Um jovem aristocrata russo, narrador na primeira pessoa, conta os encontros, em noites sucessivas, com um ser espectral – uma jovem mulher chamada Ellis, que vai ganhando corporalidade com o decorrer das noites, enquanto o narrador se vai debilitando. Ela transporta-o em voos vertiginosos até vários lugares e cidades do continente europeu, viajando também pelo tempo numa dessas noites, de visita à Roma Antiga e a um barco de piratas cossacos do séc. XVII. «Na realidade, quem era Ellis?» pergunta-se no final. «Uma aparição, uma alma penada, um espírito mau, um vampiro...»

Os últimos ecos da minha voz ainda ressoavam, quando ouvi... mas desisto de descrever a que experimentei. — Primeiro, foi um ruído confuso, dificilmente perceptível ao ouvido, e repetindo-se incessantemente, de trombetas e palmas. Parecia que nalgum lado, prodigiosamente longe, ou num abismo sem fundo, se agitava uma multidão numerosa — erguia-se, levantava-se em vagas concentradas, sempre a dar gritos abafados, semelhantes àqueles que se escapam do peito, nesses sonhos pesados que parecem durar séculos; depois, o ar foi perturbado e ficou mais sombrio por cima da ruína. Tive então a sensação de ver sombras surgir e desfilar, miríades de sombras, milhões de formas, umas arredondando-se em elmos, outras projectando-se como lanças.

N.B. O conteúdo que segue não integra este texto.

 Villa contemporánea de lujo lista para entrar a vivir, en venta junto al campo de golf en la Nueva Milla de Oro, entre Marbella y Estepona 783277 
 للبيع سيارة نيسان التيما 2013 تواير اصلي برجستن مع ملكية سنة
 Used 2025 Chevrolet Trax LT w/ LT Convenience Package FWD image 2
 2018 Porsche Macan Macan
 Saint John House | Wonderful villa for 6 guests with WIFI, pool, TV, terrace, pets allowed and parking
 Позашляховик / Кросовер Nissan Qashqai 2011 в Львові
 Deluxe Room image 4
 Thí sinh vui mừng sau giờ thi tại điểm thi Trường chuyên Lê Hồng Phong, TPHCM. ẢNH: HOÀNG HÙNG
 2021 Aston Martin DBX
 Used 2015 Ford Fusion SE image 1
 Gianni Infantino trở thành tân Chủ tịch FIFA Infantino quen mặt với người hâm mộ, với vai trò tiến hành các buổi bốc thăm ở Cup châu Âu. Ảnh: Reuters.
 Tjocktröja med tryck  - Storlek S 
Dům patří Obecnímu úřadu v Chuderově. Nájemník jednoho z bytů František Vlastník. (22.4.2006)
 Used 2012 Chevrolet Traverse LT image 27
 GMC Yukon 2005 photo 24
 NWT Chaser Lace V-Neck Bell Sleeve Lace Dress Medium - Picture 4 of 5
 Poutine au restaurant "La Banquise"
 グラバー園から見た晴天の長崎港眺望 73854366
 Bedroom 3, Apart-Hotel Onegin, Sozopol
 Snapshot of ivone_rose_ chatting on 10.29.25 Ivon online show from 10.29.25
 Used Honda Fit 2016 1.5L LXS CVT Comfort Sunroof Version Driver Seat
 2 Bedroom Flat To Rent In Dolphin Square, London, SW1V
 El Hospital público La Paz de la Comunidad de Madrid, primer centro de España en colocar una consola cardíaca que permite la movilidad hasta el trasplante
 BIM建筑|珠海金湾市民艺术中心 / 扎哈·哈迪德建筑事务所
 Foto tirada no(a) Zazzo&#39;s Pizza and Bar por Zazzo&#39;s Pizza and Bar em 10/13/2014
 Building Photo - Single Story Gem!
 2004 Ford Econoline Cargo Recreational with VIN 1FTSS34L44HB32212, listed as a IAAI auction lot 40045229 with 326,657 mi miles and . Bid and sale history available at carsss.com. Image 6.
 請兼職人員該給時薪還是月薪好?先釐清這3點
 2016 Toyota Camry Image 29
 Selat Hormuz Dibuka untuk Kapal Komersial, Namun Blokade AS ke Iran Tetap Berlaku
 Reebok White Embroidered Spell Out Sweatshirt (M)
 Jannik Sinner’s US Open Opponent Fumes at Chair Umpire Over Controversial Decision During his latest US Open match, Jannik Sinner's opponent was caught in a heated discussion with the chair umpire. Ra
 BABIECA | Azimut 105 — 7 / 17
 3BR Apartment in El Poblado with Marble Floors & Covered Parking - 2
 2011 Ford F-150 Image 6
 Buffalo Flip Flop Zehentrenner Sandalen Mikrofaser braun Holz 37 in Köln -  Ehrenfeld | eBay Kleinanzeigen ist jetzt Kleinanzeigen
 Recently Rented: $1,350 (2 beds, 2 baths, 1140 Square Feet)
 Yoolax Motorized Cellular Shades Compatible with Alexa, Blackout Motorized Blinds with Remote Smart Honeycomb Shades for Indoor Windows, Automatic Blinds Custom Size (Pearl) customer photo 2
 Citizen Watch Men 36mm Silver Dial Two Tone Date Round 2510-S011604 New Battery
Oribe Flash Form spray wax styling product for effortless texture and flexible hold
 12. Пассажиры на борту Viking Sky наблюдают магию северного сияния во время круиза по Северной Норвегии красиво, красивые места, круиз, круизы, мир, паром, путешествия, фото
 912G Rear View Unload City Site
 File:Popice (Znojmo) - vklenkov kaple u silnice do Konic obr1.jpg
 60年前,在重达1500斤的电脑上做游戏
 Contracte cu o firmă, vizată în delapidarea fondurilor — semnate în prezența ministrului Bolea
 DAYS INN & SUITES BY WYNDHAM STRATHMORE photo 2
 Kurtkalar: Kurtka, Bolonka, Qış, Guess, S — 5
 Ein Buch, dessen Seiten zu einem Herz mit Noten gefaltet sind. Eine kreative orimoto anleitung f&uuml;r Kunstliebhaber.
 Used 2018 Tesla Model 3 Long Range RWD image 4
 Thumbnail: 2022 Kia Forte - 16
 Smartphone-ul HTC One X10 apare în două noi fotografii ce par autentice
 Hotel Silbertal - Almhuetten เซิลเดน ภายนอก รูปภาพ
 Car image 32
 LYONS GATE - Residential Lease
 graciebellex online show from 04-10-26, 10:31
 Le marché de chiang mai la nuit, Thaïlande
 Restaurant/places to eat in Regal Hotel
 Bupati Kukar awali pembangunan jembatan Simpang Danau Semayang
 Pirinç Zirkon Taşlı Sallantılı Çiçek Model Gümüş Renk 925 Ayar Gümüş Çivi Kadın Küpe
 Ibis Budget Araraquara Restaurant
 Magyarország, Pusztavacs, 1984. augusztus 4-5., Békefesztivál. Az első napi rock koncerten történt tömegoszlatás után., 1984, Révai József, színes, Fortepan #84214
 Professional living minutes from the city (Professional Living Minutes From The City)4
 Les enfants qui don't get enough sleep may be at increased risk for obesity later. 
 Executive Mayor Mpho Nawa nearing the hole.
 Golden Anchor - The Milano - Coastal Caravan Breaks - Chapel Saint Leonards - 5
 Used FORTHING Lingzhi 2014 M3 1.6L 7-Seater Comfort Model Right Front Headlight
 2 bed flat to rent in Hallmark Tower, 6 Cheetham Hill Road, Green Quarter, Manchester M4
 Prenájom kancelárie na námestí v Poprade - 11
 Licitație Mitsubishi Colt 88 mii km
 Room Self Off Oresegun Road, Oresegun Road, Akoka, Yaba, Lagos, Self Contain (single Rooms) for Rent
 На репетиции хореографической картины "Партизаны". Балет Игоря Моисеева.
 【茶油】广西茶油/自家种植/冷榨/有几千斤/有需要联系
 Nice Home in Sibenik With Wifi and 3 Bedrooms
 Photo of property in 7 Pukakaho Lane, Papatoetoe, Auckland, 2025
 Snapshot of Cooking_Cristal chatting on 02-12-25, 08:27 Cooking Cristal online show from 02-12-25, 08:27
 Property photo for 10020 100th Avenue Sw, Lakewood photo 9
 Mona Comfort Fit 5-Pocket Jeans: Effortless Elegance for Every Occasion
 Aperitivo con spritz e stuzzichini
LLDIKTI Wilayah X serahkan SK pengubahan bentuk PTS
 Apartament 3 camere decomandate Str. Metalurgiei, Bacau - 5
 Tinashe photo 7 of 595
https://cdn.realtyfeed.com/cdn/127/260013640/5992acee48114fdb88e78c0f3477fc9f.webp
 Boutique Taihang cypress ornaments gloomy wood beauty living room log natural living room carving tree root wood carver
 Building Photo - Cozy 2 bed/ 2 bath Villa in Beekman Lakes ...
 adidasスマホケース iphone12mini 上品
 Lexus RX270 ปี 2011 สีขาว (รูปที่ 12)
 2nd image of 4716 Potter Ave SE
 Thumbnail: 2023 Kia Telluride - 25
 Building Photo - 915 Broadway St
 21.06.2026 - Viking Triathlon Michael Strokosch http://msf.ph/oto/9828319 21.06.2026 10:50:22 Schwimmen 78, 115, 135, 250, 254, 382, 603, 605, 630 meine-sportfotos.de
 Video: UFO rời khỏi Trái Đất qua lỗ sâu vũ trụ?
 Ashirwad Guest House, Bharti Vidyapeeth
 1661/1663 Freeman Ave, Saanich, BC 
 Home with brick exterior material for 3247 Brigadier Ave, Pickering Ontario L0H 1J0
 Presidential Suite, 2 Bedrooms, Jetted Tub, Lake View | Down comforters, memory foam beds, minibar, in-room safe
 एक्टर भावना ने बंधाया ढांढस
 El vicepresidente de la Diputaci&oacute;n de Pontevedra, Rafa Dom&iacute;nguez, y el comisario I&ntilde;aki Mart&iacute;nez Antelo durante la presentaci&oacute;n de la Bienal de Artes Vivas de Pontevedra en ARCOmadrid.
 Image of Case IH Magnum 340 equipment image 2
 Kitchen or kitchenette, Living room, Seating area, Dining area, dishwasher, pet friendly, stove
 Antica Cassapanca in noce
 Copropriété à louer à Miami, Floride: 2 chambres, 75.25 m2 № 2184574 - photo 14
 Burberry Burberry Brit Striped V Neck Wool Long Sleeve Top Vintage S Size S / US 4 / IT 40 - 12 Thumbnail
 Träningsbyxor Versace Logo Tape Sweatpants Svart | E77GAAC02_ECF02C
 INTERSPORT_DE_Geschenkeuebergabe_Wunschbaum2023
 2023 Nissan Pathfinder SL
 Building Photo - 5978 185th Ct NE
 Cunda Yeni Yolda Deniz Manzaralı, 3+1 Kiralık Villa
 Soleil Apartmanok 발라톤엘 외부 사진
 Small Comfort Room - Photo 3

Os raios da lua dividiam-se em inúmeras centelhas azuis nestas lanças e capacetes, e todo este exército, toda esta multidão se apressava, se empurrava, avançava, crescia... Sentia-se que era animada por uma energia indizível, capaz de revolver o mundo. Contudo, não havia uma única forma que se destacasse... De repente, toda esta multidão é agitada por um movimento estranho — dir-se-iam vagas imensas que se afastam, que recuam. Caesar! Caesar venit! repetem mil vozes confusas, semelhantes ao estremecimento das folhas numa floresta sobre a qual se abate um furacão. Um toque surdo ressoou, e uma cabeça pálida, severa, com as pálpebras fechadas, cingida por uma coroa de louros, a cabeça do imperator, saiu lentamente da ruína.
Não, não há palavras numa língua humana para exprimir o terror que se apossou de mim. Disse a mim próprio que se aquela cabeça abrisse os olhos, se os seus lábios se descerrassem, nesse instante morreria. «Ellis, gritei, não quero, não posso!... Leva-me para longe de Roma, desta brutal e terrível Roma! Partamos!»